-- Data listing follows --

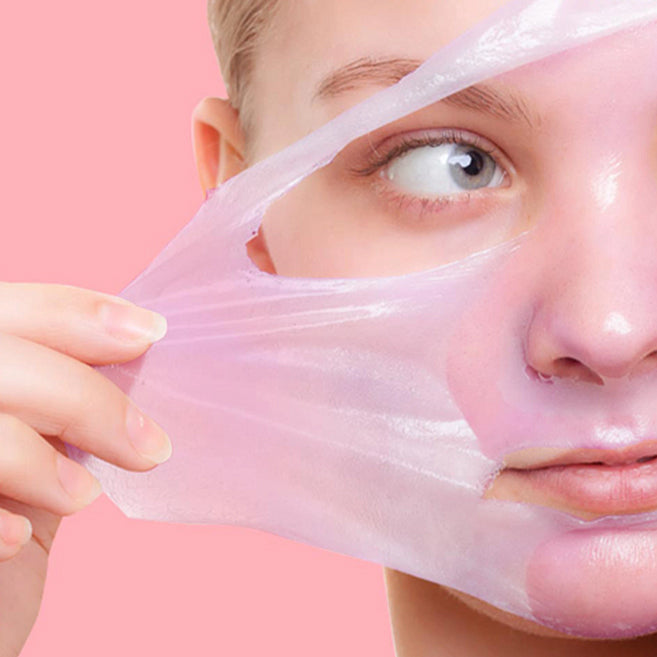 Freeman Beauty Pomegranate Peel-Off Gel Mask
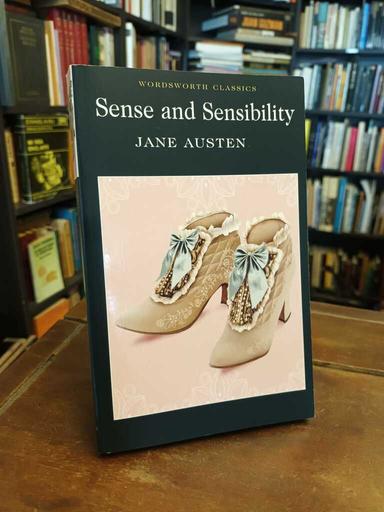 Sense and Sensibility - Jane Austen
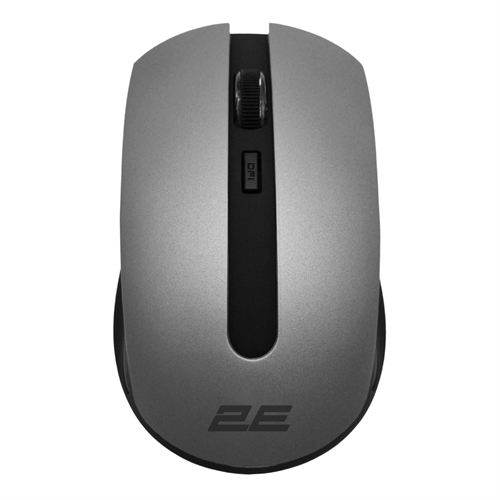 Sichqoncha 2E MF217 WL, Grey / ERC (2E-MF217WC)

-- Data listing concluded --
-- Data listing follows --

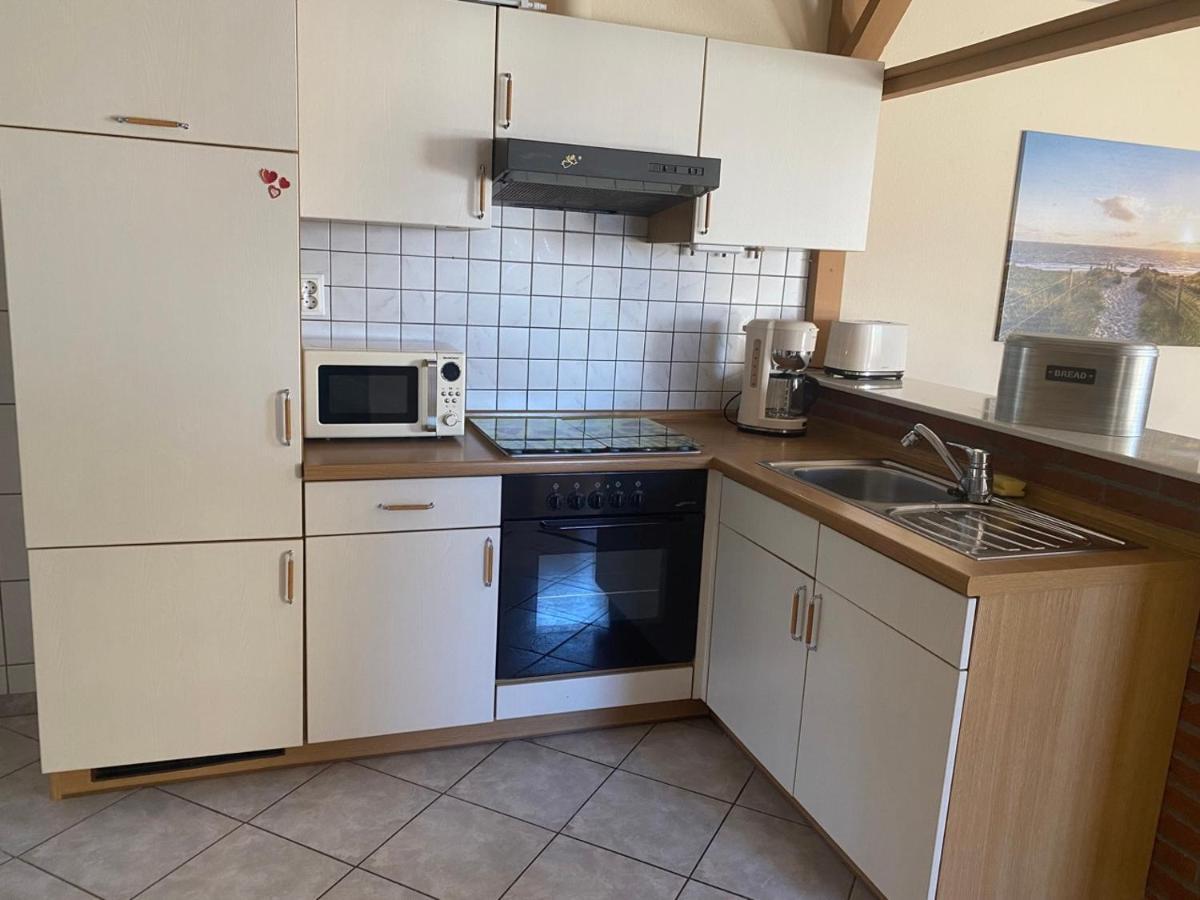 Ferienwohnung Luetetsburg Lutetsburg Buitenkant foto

-- Data listing concluded --

= What is expected =
Both boundary lines included, write out word for word only the lines above from the one containing "Sense and Sensibility - Jane Austen" to the one containing "Sichqoncha 2E MF217", leaving out any pictures.

= Written reply =
 Sense and Sensibility - Jane Austen
 Sichqoncha 2E MF217 WL, Grey / ERC (2E-MF217WC)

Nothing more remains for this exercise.